1. How much do you shift? I'm using a Rodenstock 45mm with a P65. I shot at 10mm and 20mm shift. Looking at the files, I'm not impressed with the edges of the 10mm. I'm guessing about 8mm of shift is what I could use. Obviously this is lens dependent, but are many people getting 10mm plus of usuable shift?
That 45 is not the best lens for stitching and is the primary reason why you're seeing softness at 10mm.
Other lenses like the Schneider 60XL Super Digitar or Rodenstock 90HR-SW or the Schneider 120mm ASPH have MUCH more room to shift before you see dropoff in image quality.

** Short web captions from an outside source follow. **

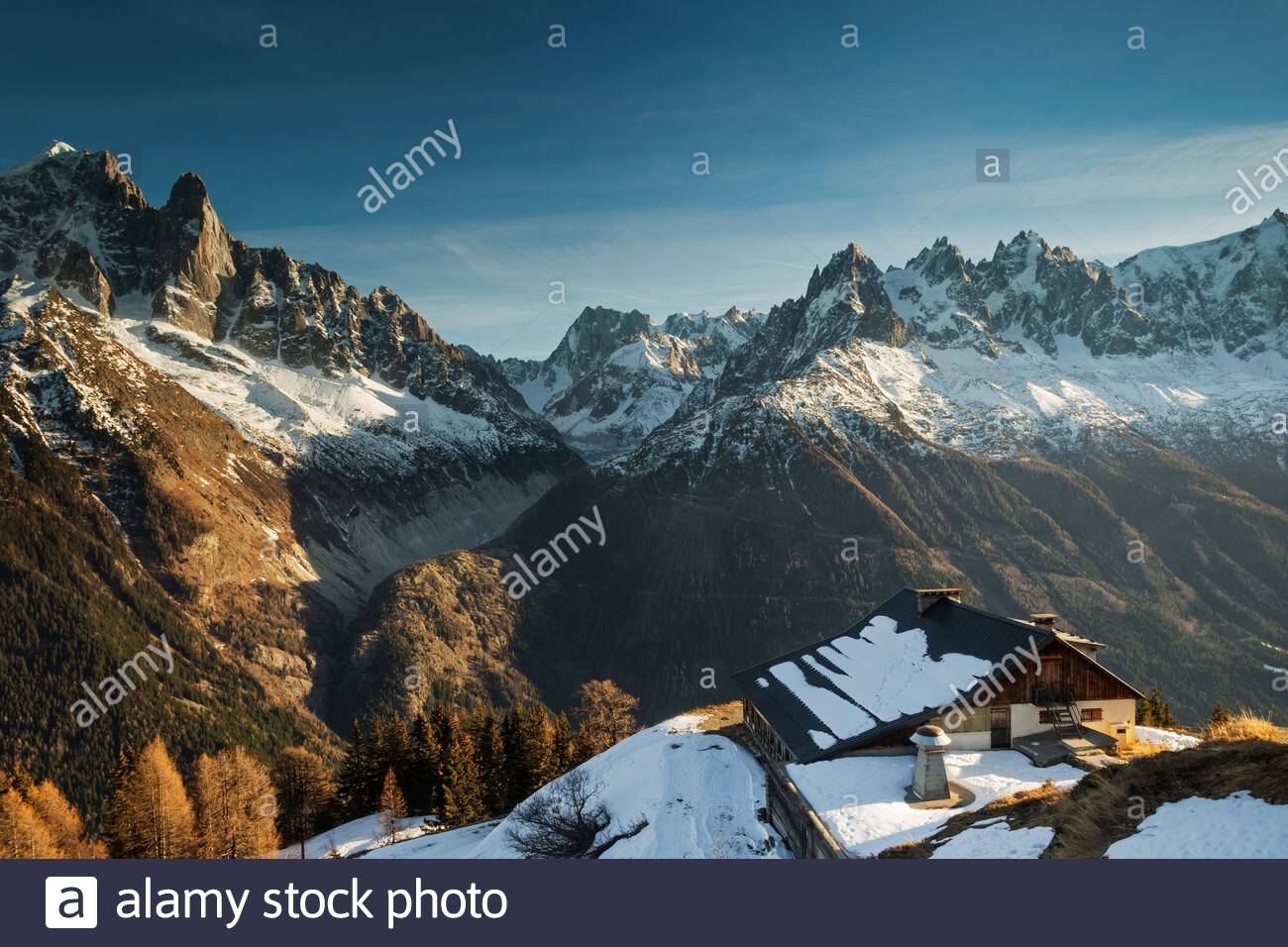 Cabin On A Mountain Top In Winter At Sunset In Flegere France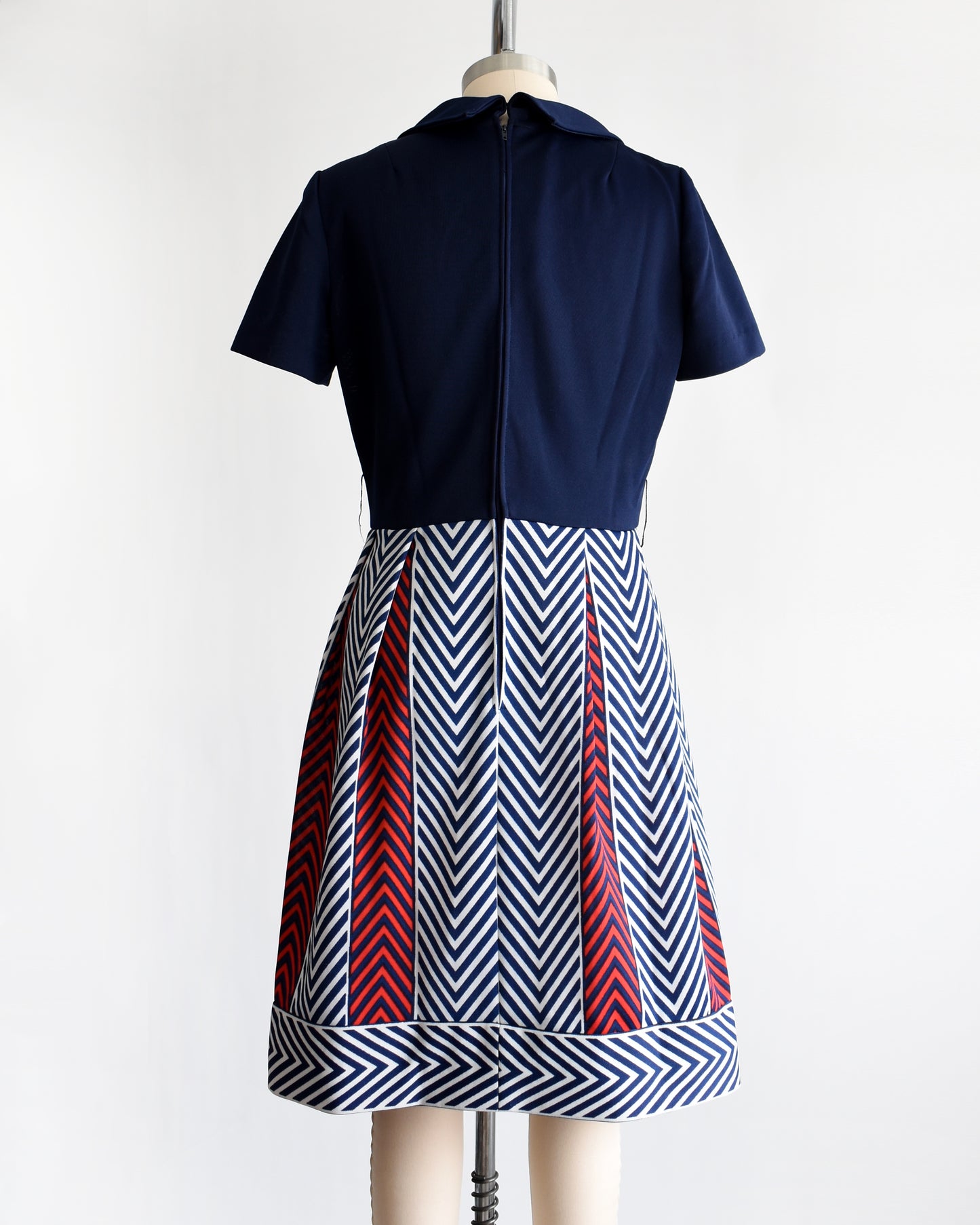 back view of a vintage 1970s navy blue, white, and red dress with a chevron patterned skirt on a mannequin against a white background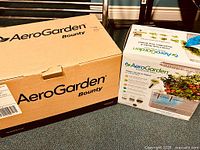Two boxes side by side. Larger box labeled AeroGarden Bounty, smaller box showing AeroGarden In-Home Garden System with image of flowering plants inside.
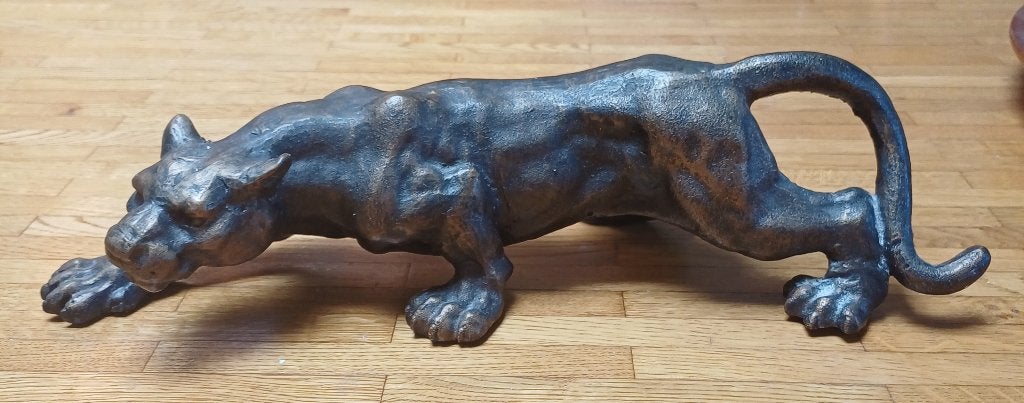 Metalen sluipende roofkat, Ophalen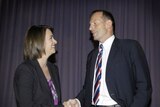 Tony Abbott and Nicola Roxon exchange unpleasantries at the end of the debate.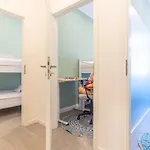 Large Group With 2 Bathrooms & Single Beds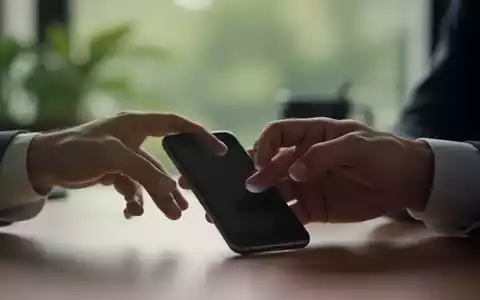 Eine Hand greift nach einem Smartphone, zögert aber, mit einem verschwommenen Hintergrund, der Ruhe oder einen Arbeitsplatz andeutet. - Foto: über boerse-global.de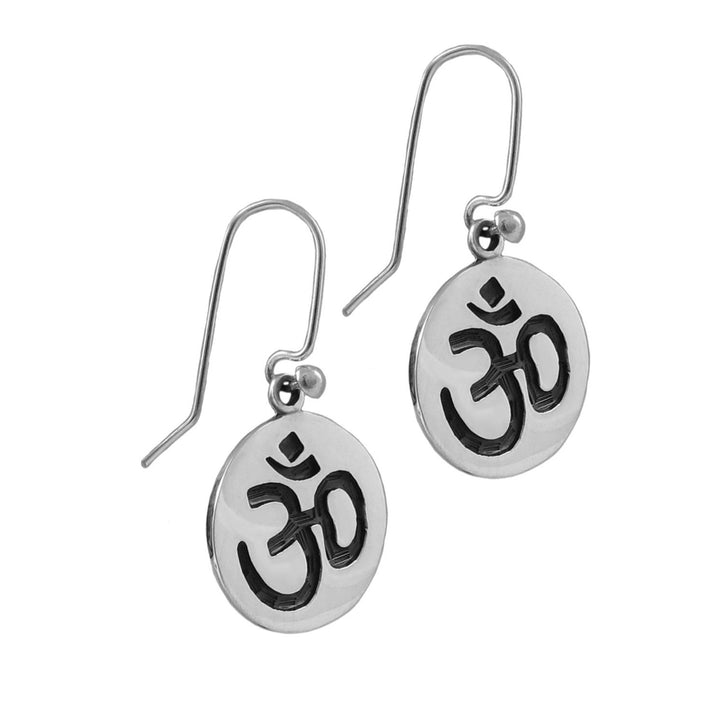 Pair of handmade 925 sterling silver earrings with Om symbol on a white background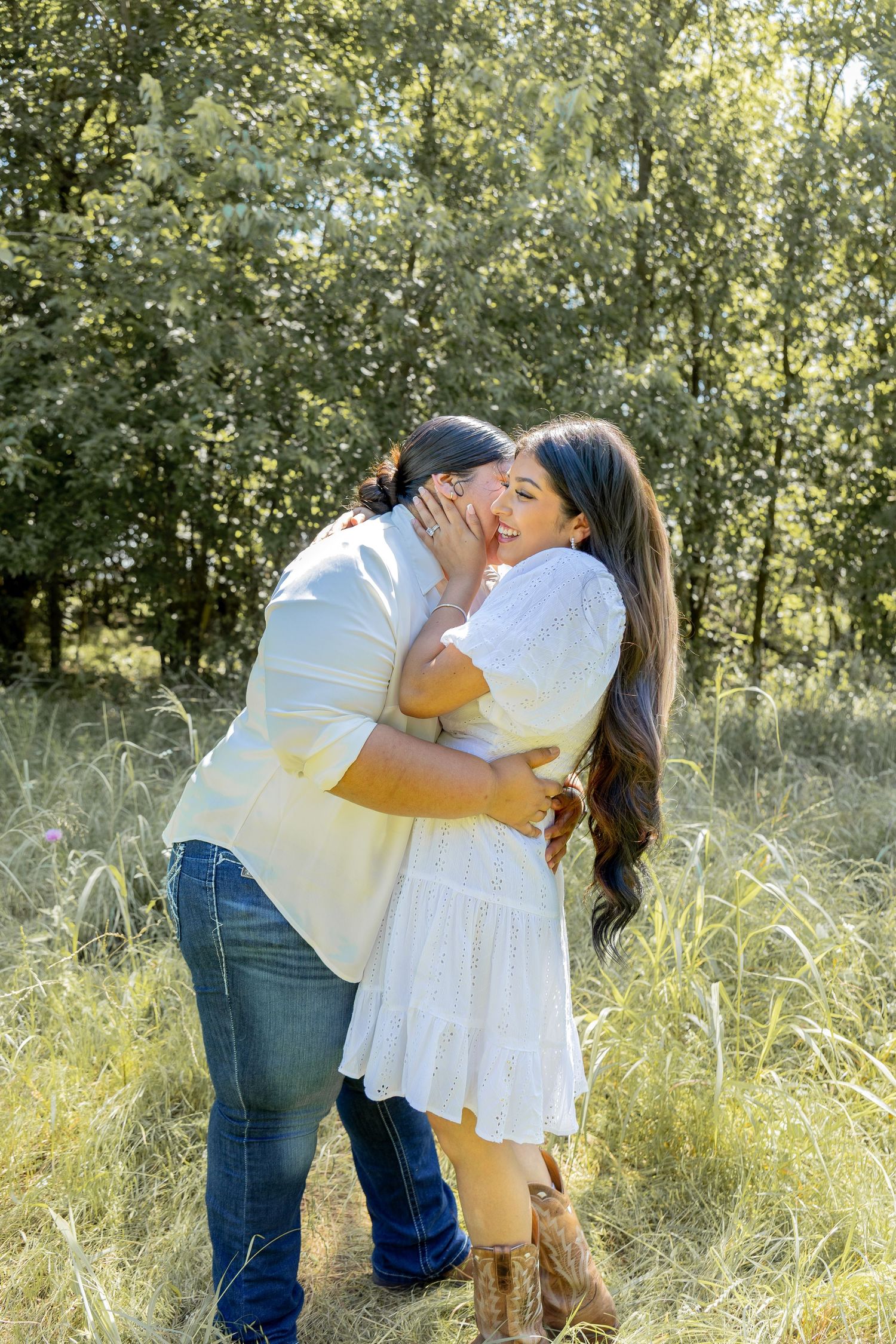 Couple hugging and laughing together in a golden sunlit grassy field.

You can see a tech camera lens visualizer
on our website which will give you a rough idea of image circle size and relative allowed movement. Bear in mind that the visualizer is based off the manufacturer spec so if possible work with a dealer that actually knows the characteristics of each lens (e.g. Schneiders in general fall off in sharpness before their stated image circle while Rodenstock's numbers are more conservative).
2. Does the camera have to be level? It's generally considered best to do so for rotational shifting as it means less image modification required. Most of the test panos I just shot were with the camera horizontal. Is this best practice for shift stitching or does it not matter because the lens is not moving? Or should I just keep it horizontal and use rise/fall instead of pointing my camera up and down?
If it's not level, and you want the final image to be level, then you'll have to crop; the further you stitch the more impact that crop will have. Note the 65+ has a virtual horizon, which can be very useful for getting to a quick level position.
3. LCC's. Not as scary as I thought. Used Capture One for the first time tonight after using a tech camera for the first time and...only took two minutes to work out how to do an LCC correction (so for anyone else out there who thinks it sounds difficult, no it's pretty easy once you've got the gear). My question is - is it fine to just shoot this at the same exposure as the actual shot? Or do you need to overexpose (as per M.R.'s article here on LuLa.) I ask because it sounds like an uncertain topic and I found that changing my exposure between shots wasn't great for speed of shooting and introduced the potential for errors when shooting panos.
Nah, not scary. Mildly annoying sometimes. But not difficult.
Ideally an LCC should be exposed around middle gray erring on the side of bright than dark and at no time clipping any highlight data.
With most lens/back/exposure combinations you can fall well short of this "ideal" exposure for the LCC and still get excellent results. When the results start to fall off the first thing to go is dust-removal, the second thing to go is color correction, the last thing to go is light falloff. When shooting stitch panos it's perfectly acceptable to shoot the LCCs as a group before or after the group of actual captures, especially if you're using a system like the Cambo tech cameras
which have detents every 5mm (allowing you to quickly/accurately return to the same position) or you're using the end-range of a cameras movement (e.g. on an Arca RM3Di
you are shifting 15mm to the right and 15mm to the left). You can also capture preset selections of movements and create a library. A lot of my tech camera work is done with a left/right stitch with the back in a vertical position with either 0, 5, or 10mm of rise. When I'm shooting that stitch-pattern I don't need to do fresh LCCs as I already have them in the library. If for some reason I wanted to do e.g. 7mm of rise (not 5 or 10mm and crop slightly) then I would need to shoot fresh LCCs as I do not have 7mm rise left-right stitch in my LCC library.
4. Overall, are shift panos of sufficiently better quality to justify using this method over rotaional panos? Looking at the blurry, smeared edges of my 10mm shift panorama I did wonder if I'd be better off just sticking to rotational panos arund the nodal point. Or what about combining a bit of rotation with a bit of shift?
Very different methods each with advantages and disadvantages.
Rotational allows you to use the center of the lens and allows any AOV (even 360 degrees if desired) given enough shots
Shift stitching allows you to see the final composition in-camera, feels (to me) more traditional/direct/tactile, and requires no deformation/stretching/pinching/geometric-remapping of the images to fit together.
Shift stitching requires LCCs
Rotational stitching (with a tech camera) only requires one LCC for a given lens/back/position combination.
Easiest answer is to do several scenes with both techniques and see what you like. Personally I love shift-stitching and find rotational-stitching to be annoying and a necessary evil. Bernard (on this forum) creates beautiful images with rotational-stitching only and seems to enjoy the process (in addition to his wonderful results). So there is no doubt it's down to personal preference.
5. Which program to stitch? I usually use PTGui but tried photomerge in CC tonight - unlike for rotational panos, it actually worked pretty well. Any advantage in using PtGui etc?
For shift stitch no need to be fancy. Drop the files into photomerge and push go.